September 18th by Asero Insurance Staff 0 0The National Labor Relations Board has issued a proposed rule that would roll back an Obama-era board decision on joint-employer status for companies that hire subcontractors or use staffing or temp agency workers. The decision by the NLRB in 2015 overturned a long-time precedent (a standard in place since 1984) that a company must have “immediate and direct” control over a worker to be considered a joint employer. The board ruled instead that a company need have only “indirect” control of a worker and not even exercise that control to be considered a joint employer. Under the 2015 standard, a company could be deemed a joint employer even if its “control” over the essential working conditions of another business’s employees was indirect, limited and routine, or contractually reserved but never exercised.
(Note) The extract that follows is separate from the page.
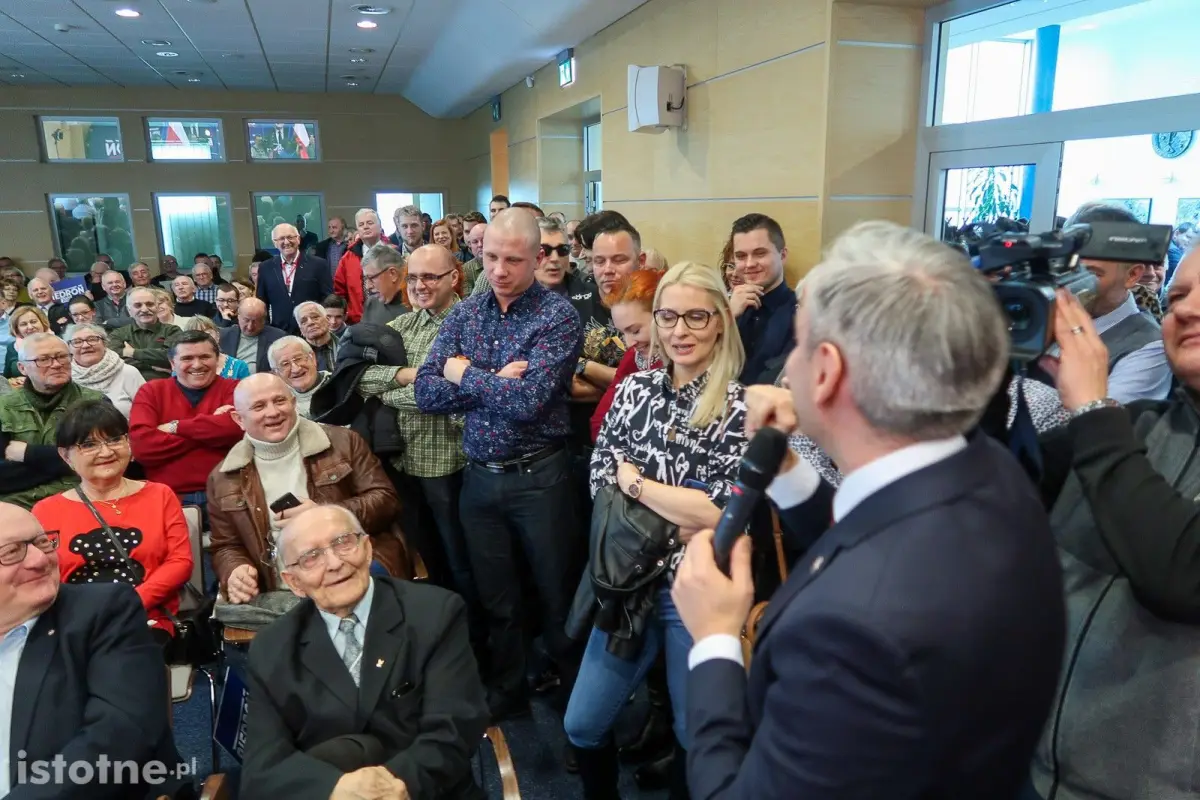 Spotkanie wyborcze Roberta Biedronia w Bolesławcu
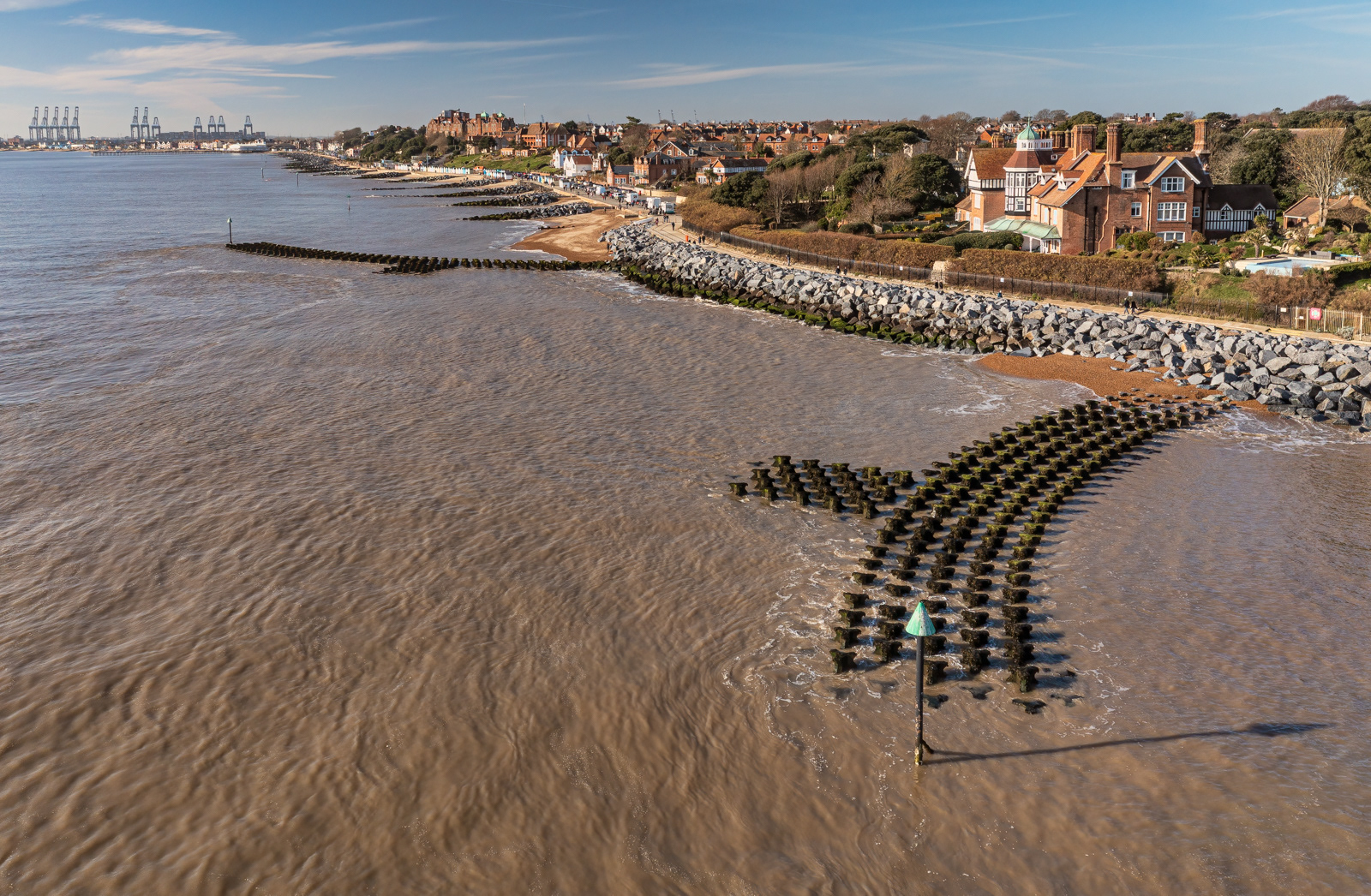 Cobbolds Point Towards the Docks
The ruling was roundly criticized by businesses as it put both the hiring employer and its contractor or staffing agency on the hook for labor violations. The decision also applied to franchisors that were suddenly liable for labor issues at individual franchisees’ operations. The ruling also spread plenty of confusion in the employer community, and it sent companies that used contract or temp labor to set strict written procedures of where their responsibility ended and the subcontractor’s began. The proposed rule The proposed rule affects businesses:
- That are franchisees or franchisors,
- Use temporary staffing agencies to supply manpower, or
- Hire outside or subcontractors to work on their sites.